Gentoo c'est pas mal la doc au début ensuite on gère ...

Enjoy !

----------

## Leander256

 *kwenspc wrote:*   

> À ta place j'utiliserais ni app-emulation/kvm ni app-emulation/kvm-kmod mais leus modules KVM de ton noyau 2.6.31 nettement plus récent que les versions proposées via portage (qui date de juin ou juillet derniers). 
> 
> Et qemu, qui sait utiliser les modules kvm depuis la version 0.10 (ou 0.9 je sais plus exactement)

 

Juste pour info l'ebuild de qemu ne gère pas du tout les permissions de kvm, contrairement à app-emulation/kvm qui crée un groupe kvm et rajoute une règle udev pour que ce groupe ait accès à /dev/kvm.

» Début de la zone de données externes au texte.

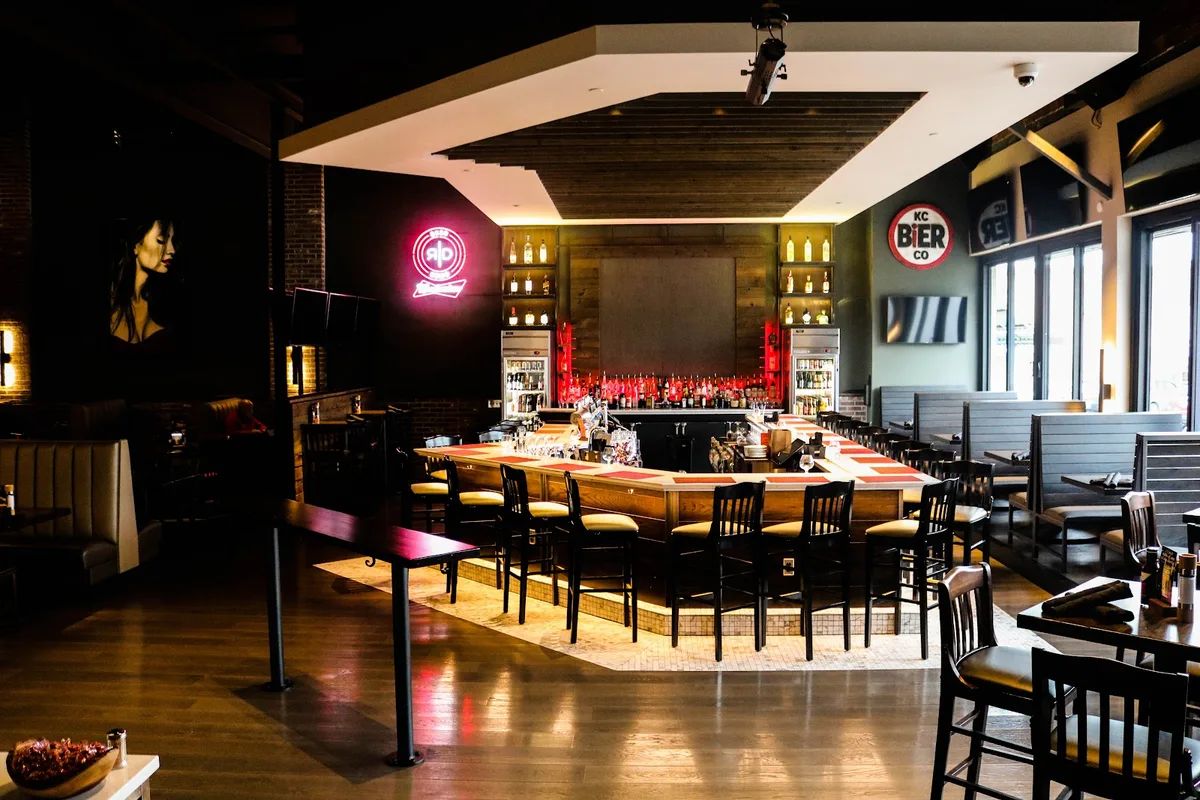 Red Door Woodfired Grill: Restaurant Photograph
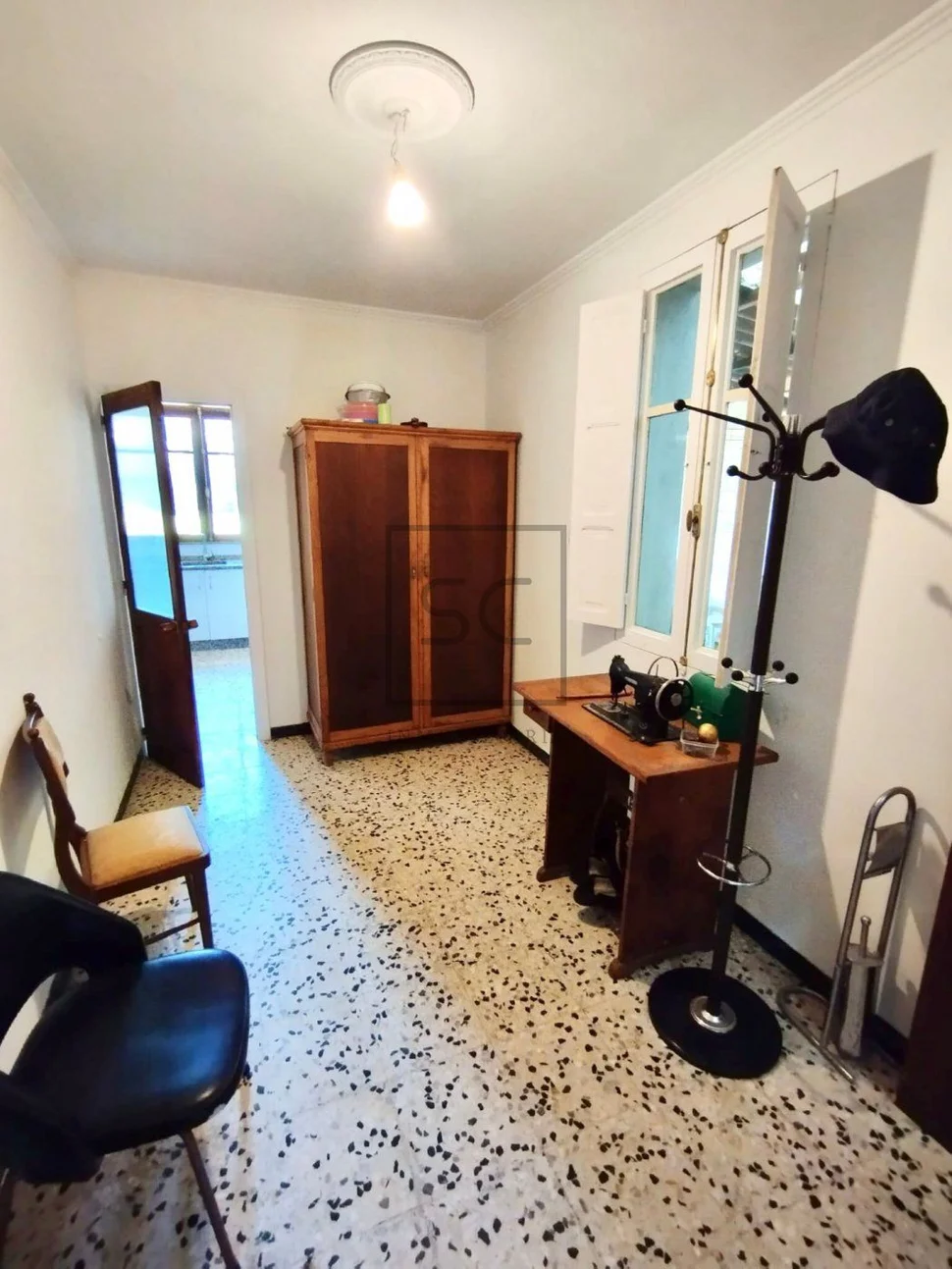 Casa de campo con terreno urbanizable y bodegas en fene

Donc il faut bidouiller un peu pour pouvoir lancer qemu + kvm quand on est pas root.

----------

## kwenspc

 *Leander256 wrote:*   

> 
> 
> Juste pour info l'ebuild de qemu ne gère pas du tout les permissions de kvm, contrairement à app-emulation/kvm qui crée un groupe kvm et rajoute une règle udev pour que ce groupe ait accès à /dev/kvm. Donc il faut bidouiller un peu pour pouvoir lancer qemu + kvm quand on est pas root.

 

En effet. En fait y a juste la règle udev qui manque, qemu crée un groupe qemu. Il faudrait fournir le fichier de regle udev avec l'ebuild qemu.

----------

## mrpouet

 *XavierMiller wrote:*   

> 
> 
> Installe autounmask et lance "autounmask qemu".
> 
> 

 

w00t je connaissais pas   :Very Happy: 

----------

## xaviermiller

héhé, j'ai épaté un développeur  :Wink: 

----------